Florida's Top Wildlife Official Had Private Plan To Develop Condos On Environmentally Sensitive Land
Florida's top wildlife official is seeking the right to dredge and fill submerged land that's owned by his company in Palm Beach County, without approval from state regulatory agencies.
Rodney Barreto, chairman of the Florida Fish and Wildlife Conservation Commission, has in the past proposed development of three condo buildings, homes and a marina on the site — a location that's an important natural habitat for fish, sea turtles, manatees and seagrass.
Barreto is a former police officer and now a politically connected lobbyist and real estate developer. He was appointed to the FWC by Gov. Ron DeSantis in 2019 but had also served on it for 10 years prior. He has thrice chaired the committee that brought the Super Bowl to Florida.
According to the Palm Beach Post, Barreto's company, Government Lot 1 LLC, bought the nearly 19-acre site in Singer Island in 2016 for $425K. Property records show it was valued at $5,594 every year for a decade before jumping to $150K in 2020.

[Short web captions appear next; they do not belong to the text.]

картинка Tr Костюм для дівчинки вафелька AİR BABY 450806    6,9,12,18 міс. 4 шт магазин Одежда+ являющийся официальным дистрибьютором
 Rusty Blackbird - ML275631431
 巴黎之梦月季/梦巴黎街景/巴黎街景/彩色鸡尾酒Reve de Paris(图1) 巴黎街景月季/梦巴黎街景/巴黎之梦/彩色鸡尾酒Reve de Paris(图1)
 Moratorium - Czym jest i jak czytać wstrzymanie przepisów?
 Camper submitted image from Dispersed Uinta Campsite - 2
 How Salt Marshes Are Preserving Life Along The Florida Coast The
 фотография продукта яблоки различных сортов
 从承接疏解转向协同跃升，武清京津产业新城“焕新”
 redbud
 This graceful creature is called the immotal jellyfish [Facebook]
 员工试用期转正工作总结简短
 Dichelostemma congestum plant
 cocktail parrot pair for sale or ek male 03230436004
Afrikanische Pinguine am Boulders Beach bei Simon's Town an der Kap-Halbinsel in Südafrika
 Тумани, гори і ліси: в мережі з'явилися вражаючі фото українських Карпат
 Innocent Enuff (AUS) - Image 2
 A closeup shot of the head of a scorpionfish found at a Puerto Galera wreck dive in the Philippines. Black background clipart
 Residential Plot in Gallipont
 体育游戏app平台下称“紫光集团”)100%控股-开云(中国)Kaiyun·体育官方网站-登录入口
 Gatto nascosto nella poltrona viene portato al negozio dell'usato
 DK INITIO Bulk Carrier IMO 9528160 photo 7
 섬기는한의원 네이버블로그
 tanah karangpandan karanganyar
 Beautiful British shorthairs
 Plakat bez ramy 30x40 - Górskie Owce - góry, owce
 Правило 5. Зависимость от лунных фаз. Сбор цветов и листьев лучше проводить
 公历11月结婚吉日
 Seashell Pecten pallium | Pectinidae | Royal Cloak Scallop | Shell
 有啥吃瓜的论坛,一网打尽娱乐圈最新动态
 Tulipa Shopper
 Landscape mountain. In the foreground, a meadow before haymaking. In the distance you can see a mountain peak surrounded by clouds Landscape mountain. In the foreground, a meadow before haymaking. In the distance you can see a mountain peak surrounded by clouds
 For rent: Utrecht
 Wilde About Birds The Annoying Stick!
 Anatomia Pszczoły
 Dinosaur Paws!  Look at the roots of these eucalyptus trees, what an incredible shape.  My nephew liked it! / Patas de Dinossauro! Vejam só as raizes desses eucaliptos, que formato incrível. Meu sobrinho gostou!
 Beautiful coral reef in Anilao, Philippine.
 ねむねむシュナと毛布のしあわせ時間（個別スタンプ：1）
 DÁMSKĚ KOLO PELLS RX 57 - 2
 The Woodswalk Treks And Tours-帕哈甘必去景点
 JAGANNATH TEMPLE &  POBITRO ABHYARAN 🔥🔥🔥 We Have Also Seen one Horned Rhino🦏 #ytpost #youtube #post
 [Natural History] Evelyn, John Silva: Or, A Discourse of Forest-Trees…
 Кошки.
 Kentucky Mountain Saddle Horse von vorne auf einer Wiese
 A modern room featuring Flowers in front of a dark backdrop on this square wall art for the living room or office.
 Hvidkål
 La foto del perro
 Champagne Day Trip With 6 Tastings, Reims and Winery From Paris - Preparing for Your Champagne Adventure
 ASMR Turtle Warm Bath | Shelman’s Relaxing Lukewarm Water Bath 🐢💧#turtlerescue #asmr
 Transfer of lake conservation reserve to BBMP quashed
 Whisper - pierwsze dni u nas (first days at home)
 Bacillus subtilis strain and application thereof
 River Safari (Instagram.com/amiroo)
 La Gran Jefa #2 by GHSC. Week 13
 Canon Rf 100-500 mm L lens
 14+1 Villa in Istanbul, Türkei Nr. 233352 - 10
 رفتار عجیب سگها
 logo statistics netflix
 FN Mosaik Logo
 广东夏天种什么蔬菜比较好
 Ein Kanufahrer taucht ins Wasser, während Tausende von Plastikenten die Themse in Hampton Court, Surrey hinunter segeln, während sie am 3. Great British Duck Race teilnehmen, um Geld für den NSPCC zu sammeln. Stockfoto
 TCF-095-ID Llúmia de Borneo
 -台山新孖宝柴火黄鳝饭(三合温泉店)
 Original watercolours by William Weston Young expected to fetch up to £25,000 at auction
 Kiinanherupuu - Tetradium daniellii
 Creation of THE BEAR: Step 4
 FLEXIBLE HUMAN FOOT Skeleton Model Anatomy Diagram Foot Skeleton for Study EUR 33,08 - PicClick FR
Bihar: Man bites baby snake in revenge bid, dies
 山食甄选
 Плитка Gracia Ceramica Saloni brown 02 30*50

Barreto's company in 2018 filed a plan to develop mansions, a marina and 330 condos on the Singer Island site, but the South Florida Water Management District found the plan couldn't be approved without extensive environmental mitigation.
So, in Palm Beach Circuit Court, Barreto's company in August moved to reopen a legal case from 30 years earlier involving the site's prior owners. Barreto wants the court's final order supplemented to say that no state regulatory approvals are needed to move ahead with development. Federal approval from the U.S. Army Corps of Engineers, however, would be needed.
Barreto told the Post his land was part of 300-plus acres that the state sold off for development nearly a century ago. He said a nearby state park was established for conservation, and if the state wants to conserve his property, it can buy him out.
At an FWC meeting Friday, critics urged the FWC board to stop Barreto, fearing that his moves could have terrible implications for the environment, wildlife and fisheries statewide.
Barreto told the Post the matter shouldn't interfere with his FWC duties and "I am prepared to take appropriate action in response to any unlawful interference with my property rights."
The Post pointed out that winning the right to develop the submerged land would make it more valuable, whether Barreto's company actually developed it, sold it to another developer, or sold it to the state for conservation.
Protecting the environment has been an uphill battle in Florida, where the state legislature continuously diverts funds meant for conservation and former Gov. Rick Scott gutted the state's Department of Environmental Protection when he was in office.
"I can't believe we've got to fight you guys, the guys who are supposed to be protecting [the environment]," local resident Matt Lynch said at the Friday meeting, according to the Post.